* **WHAT IS EXPECTED**
Restate word for word only the lines from the one with "Rowe Asher Modular Sectional (3pc)" through the end of the records; no pictures belong in the copy.

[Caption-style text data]
◆ ◆ ◆
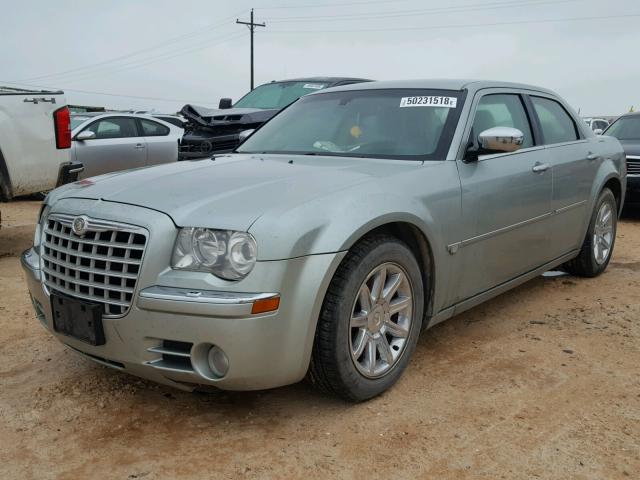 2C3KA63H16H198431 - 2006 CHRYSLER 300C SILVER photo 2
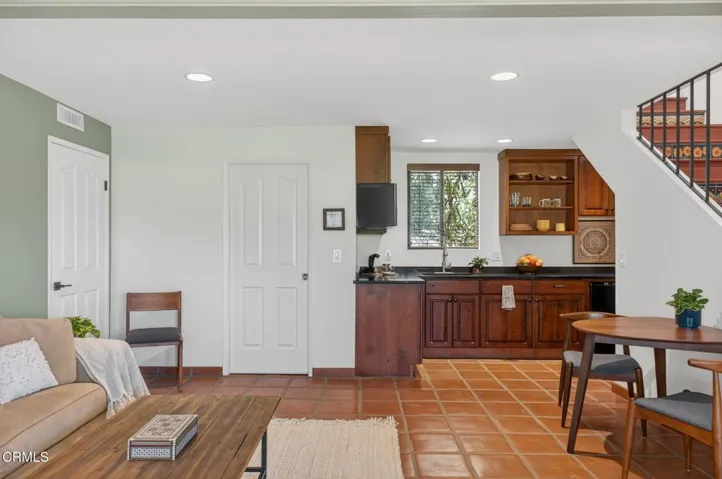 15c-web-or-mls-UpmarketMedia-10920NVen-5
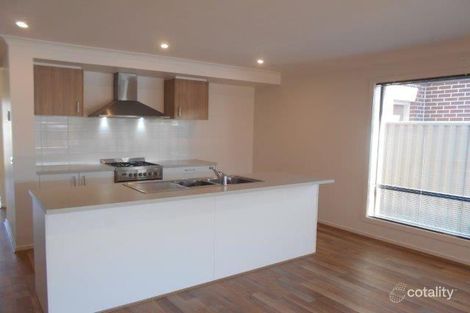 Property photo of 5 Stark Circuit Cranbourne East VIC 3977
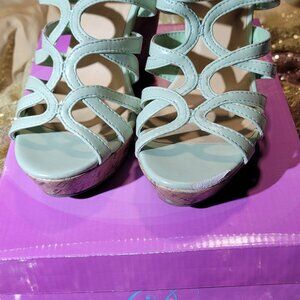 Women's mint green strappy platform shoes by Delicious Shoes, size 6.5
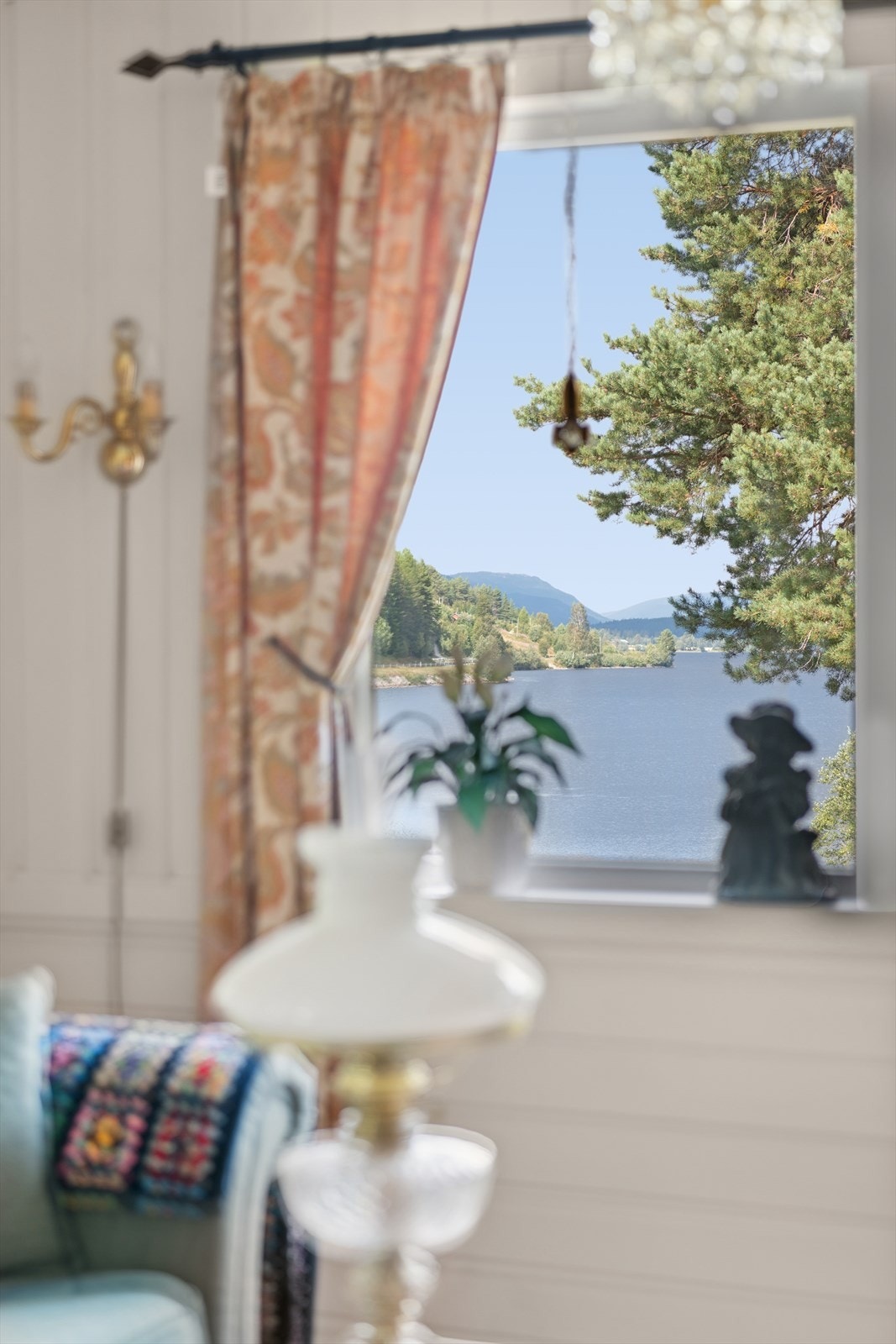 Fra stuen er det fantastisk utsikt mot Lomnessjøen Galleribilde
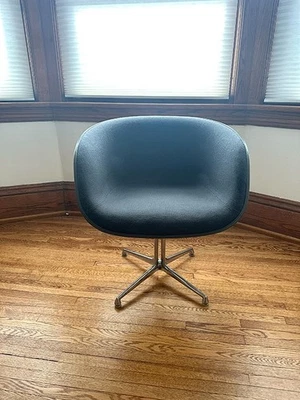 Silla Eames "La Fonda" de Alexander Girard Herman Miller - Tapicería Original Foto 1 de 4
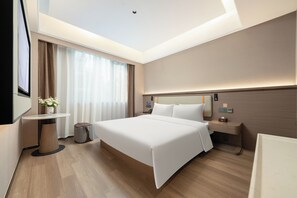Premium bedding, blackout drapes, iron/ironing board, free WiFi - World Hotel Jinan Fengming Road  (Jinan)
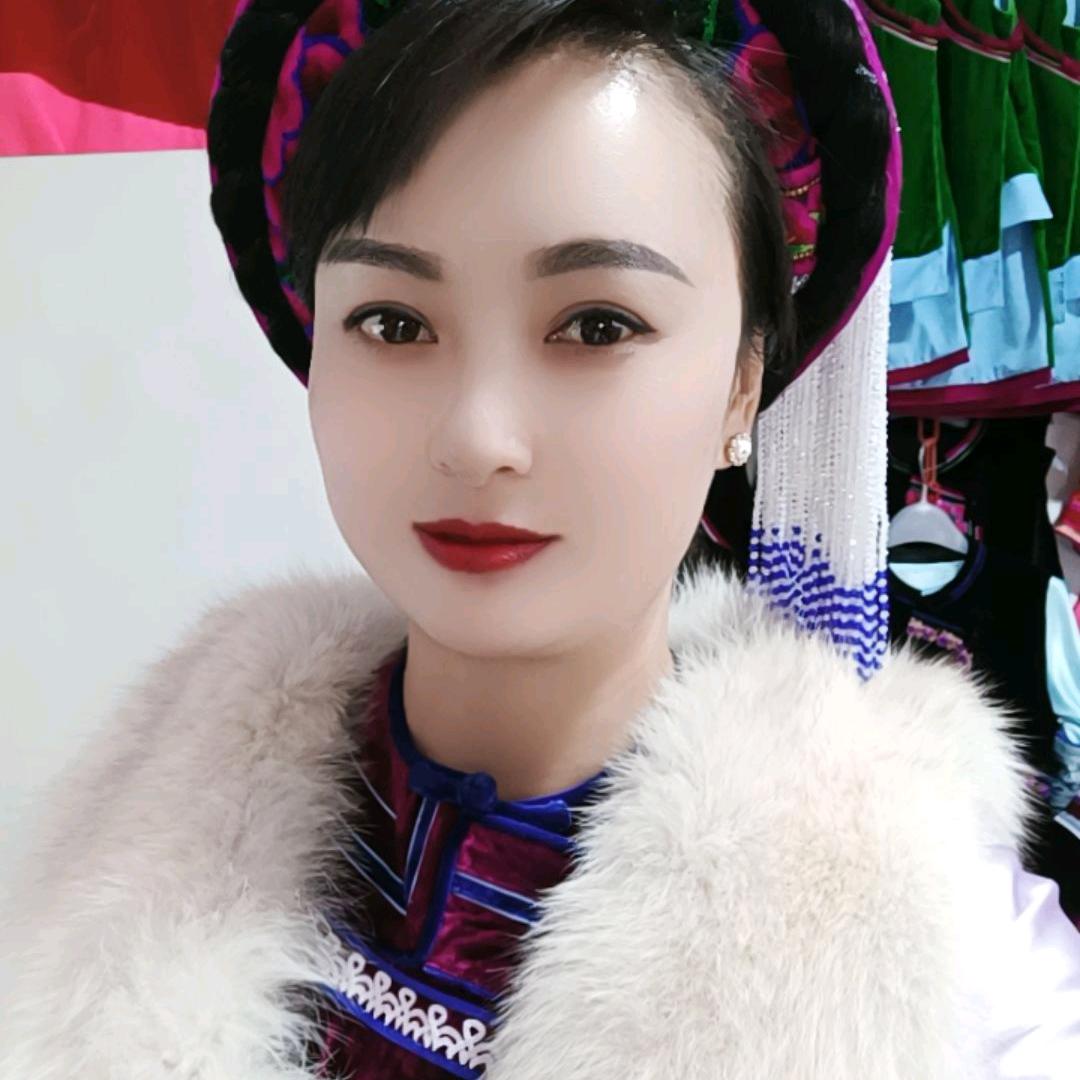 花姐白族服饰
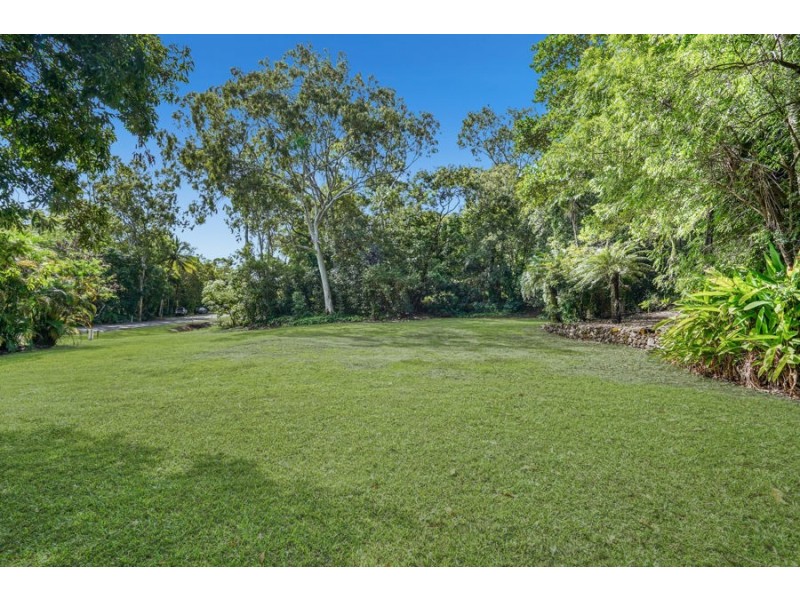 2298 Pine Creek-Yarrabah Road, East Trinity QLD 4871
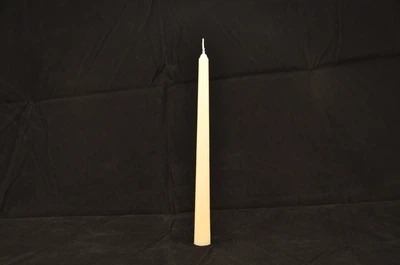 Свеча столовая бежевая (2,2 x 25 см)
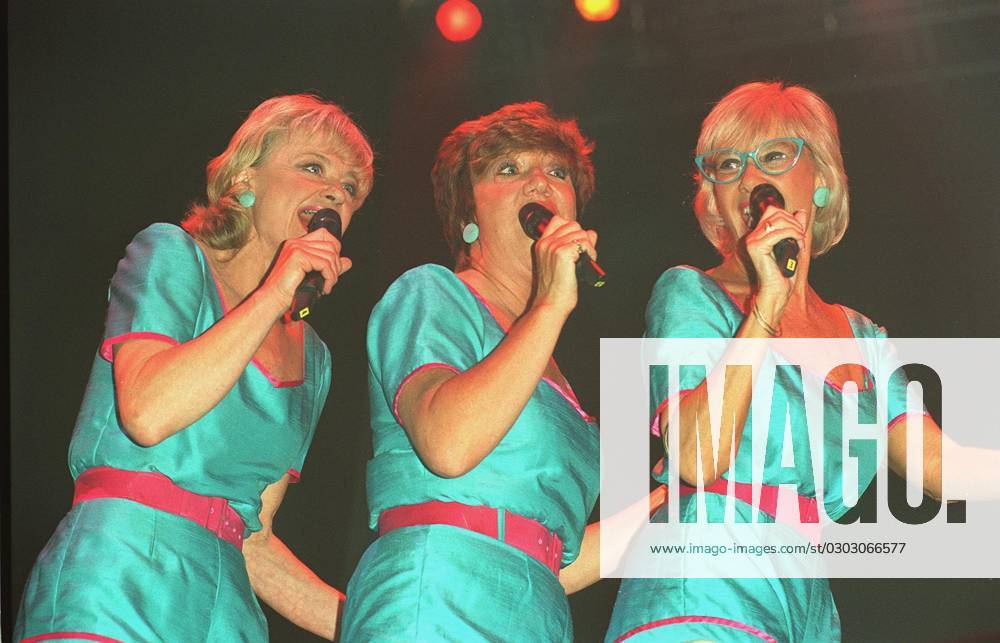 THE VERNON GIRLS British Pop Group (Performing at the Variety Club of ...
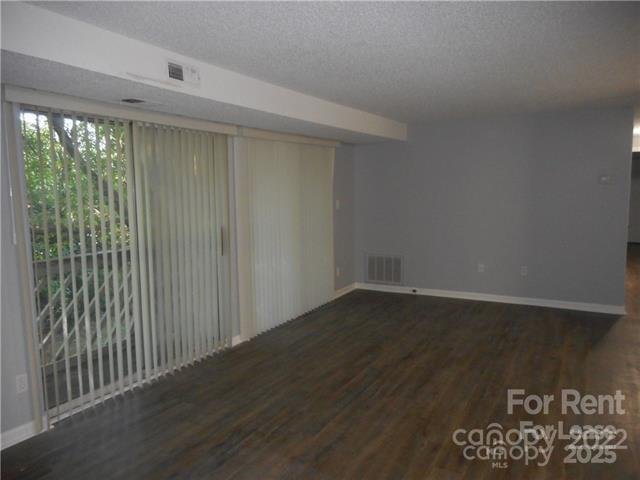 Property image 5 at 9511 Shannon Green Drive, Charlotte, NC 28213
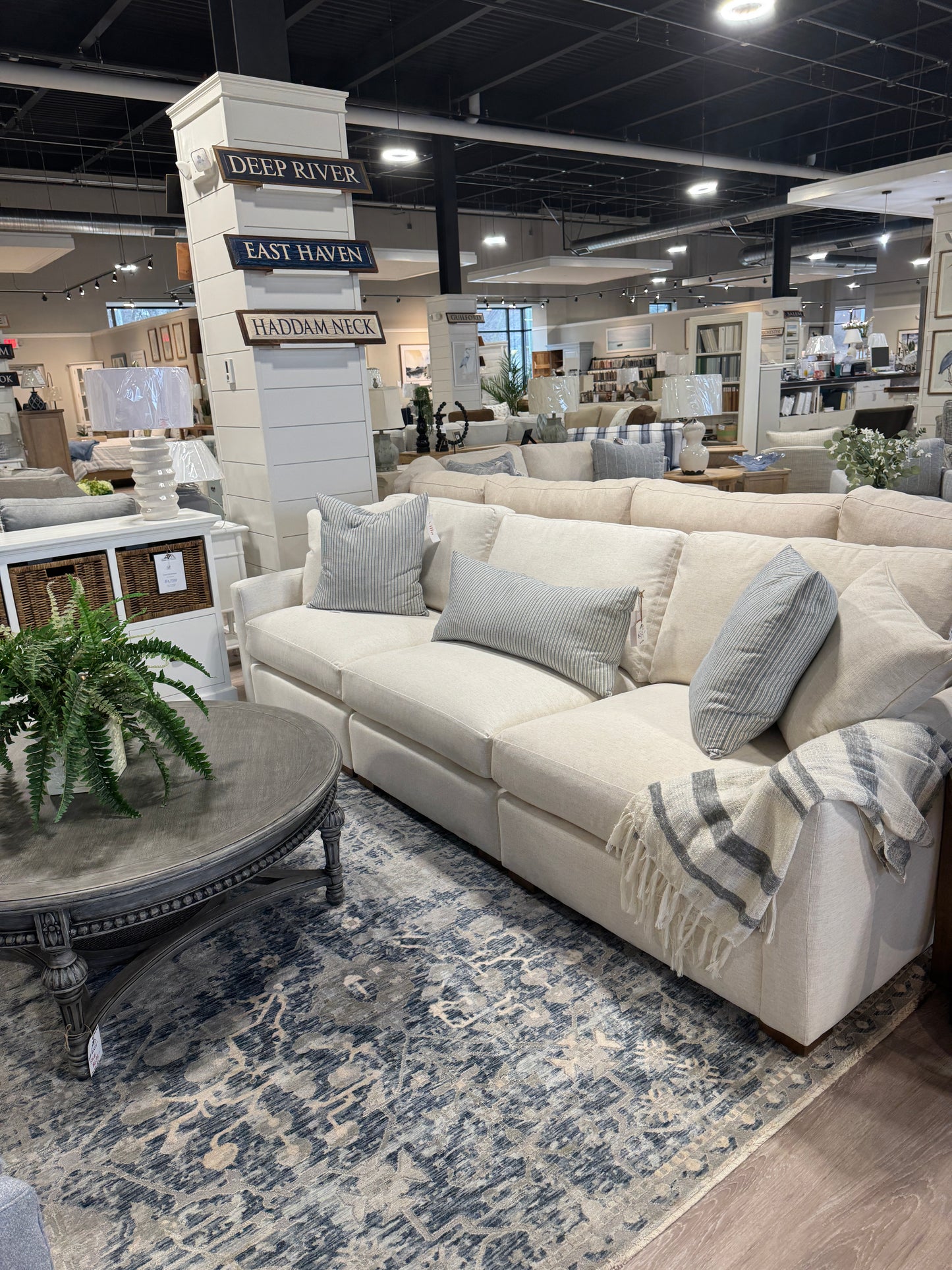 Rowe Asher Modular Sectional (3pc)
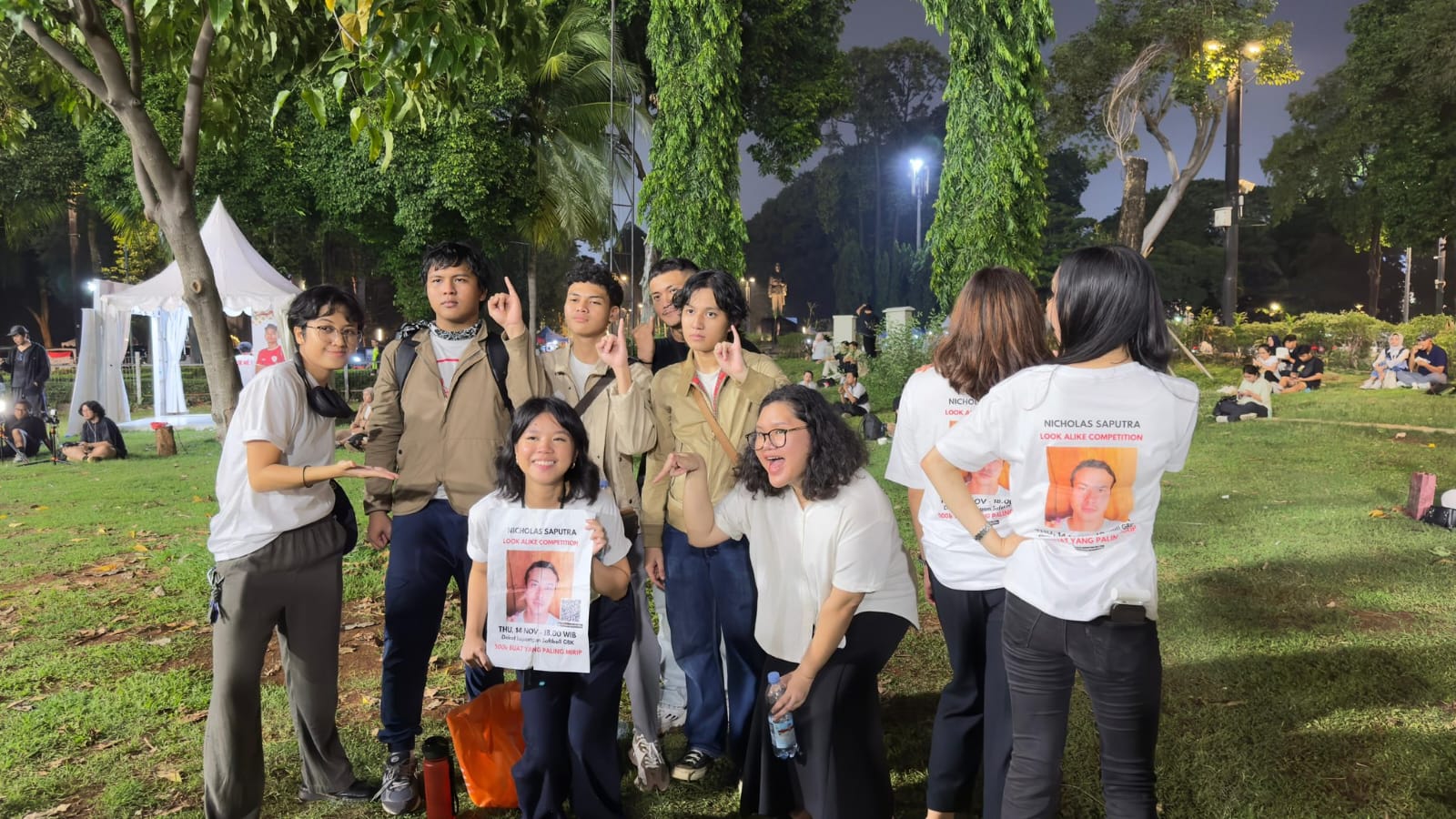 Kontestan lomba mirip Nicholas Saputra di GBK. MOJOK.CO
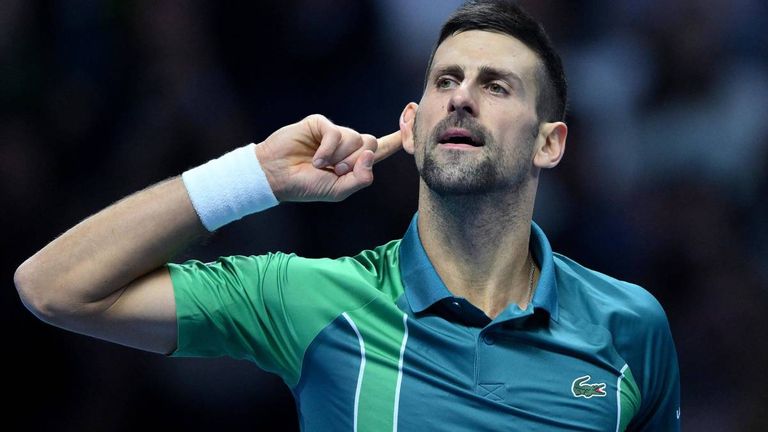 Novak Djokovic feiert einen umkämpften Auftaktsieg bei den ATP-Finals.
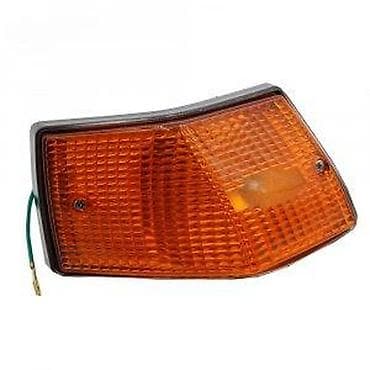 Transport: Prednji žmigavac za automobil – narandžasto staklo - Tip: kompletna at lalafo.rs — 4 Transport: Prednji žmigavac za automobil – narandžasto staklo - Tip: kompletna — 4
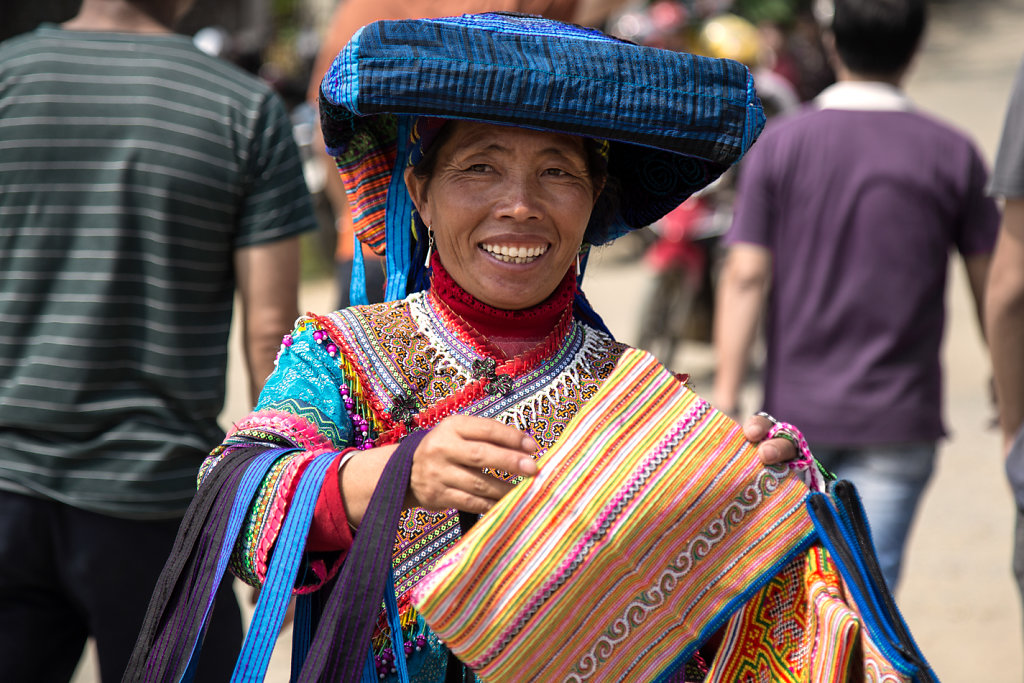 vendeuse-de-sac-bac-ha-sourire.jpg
◆ ◆ ◆
* **WRITTEN RESPONSE**
 Rowe Asher Modular Sectional (3pc)
 Kontestan lomba mirip Nicholas Saputra di GBK. MOJOK.CO
 Novak Djokovic feiert einen umkämpften Auftaktsieg bei den ATP-Finals.
 Transport: Prednji žmigavac za automobil – narandžasto staklo - Tip: kompletna at lalafo.rs — 4 Transport: Prednji žmigavac za automobil – narandžasto staklo - Tip: kompletna — 4
 vendeuse-de-sac-bac-ha-sourire.jpg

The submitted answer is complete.